Badly affected Spain on Monday allowed construction and factory employees back to work, and police handed out face masks in Madrid metro stations.
The country’s daily death toll saw a slight rise Tuesday, though new infections dropped to the lowest level since Spain imposed its nationwide lockdown last month.
Italy’s government said bookshops, launderettes and stationery and kid’s clothing stores were allowed to reopen, but regional authorities in some hard-hit northern regions refused to adhere.
It “is absurd” to allow shops to reopen, said Piedmont president, Alberto Cirio.
“I’m working on keeping people at home,” he added. “Maintaining discipline is the only way not to waste the sacrifices made up until now.”

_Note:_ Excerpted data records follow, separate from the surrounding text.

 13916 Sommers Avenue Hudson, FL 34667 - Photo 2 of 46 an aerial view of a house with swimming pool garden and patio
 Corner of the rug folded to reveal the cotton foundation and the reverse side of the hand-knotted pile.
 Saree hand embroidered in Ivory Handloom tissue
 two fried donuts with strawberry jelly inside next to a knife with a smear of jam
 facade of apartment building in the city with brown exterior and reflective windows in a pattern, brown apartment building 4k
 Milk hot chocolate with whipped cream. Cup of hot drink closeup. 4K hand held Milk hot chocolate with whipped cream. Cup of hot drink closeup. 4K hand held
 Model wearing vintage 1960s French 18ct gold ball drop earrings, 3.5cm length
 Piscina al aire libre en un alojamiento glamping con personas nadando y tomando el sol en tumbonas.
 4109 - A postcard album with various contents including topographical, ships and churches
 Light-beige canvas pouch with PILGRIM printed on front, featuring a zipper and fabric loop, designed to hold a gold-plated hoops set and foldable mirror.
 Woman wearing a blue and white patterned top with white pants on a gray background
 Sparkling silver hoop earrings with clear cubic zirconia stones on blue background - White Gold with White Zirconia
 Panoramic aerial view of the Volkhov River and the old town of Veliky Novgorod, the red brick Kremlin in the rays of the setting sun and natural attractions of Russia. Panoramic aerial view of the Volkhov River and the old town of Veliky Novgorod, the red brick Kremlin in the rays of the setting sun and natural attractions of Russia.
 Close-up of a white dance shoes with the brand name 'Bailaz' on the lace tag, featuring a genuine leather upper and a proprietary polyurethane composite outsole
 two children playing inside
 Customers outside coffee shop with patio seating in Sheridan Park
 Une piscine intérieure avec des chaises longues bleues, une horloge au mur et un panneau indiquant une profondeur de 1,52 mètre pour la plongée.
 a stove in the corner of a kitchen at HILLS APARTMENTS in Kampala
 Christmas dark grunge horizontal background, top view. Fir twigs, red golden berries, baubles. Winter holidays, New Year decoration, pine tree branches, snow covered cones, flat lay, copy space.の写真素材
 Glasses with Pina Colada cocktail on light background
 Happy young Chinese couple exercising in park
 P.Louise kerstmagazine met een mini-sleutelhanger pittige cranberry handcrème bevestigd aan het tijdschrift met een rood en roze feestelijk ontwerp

In other regions some shops did reopen though, with vendors wearing face masks and gloves and offering hand sanitiser to customers.
Italy’s death toll is now above 20,000 — second worst after the US — but deaths and infections have eased off.
Denmark planned to open some of its schools on Wednesday after a month-long shutdown.
World Health Organization chief Tedros Adhanom Ghebreyesus warned Monday that control measures “must be lifted slowly”, noting that the coronavirus was 10 times deadlier than the 2009-10 swine flu outbreak.
‘Virus doesn’t control us’
In Washington, Trump said US numbers could be steadying as 1,509 new daily deaths were reported on Monday — almost identical to the previous day.
The toll in badly hit New York, where the virus has killed more than 10,000 people — almost half of the US total — climbed again on Tuesday with 778 new fatalities.
But new hospital admissions and infections were down and governor Andrew Cuomo offered a glimmer of hope.
“We are changing the curve, every day. We’ve shown that we control the virus, the virus doesn’t control us,” Cuomo said.
He had earlier predicted the worst of the outbreak was over, adding “I believe we can now start on the path to normalcy”, signalling a gradual reopening of the economy.
In France, one of Europe’s worst-hit countries, President Emmanuel Macron said in a televised address Monday night the epidemic there was “beginning to steady… hope is returning”.
And in Britain, where Prime Minister Boris Johnson is recovering after a week in hospital with the virus, officials warned the peak was still to come and the lockdown there was likely to continue.
There were cautionary tales that the virus is not easily defeated.
In China, where the outbreak first reared its head and the government says it has largely curbed the spread of the virus, officials announced scores of new imported infections.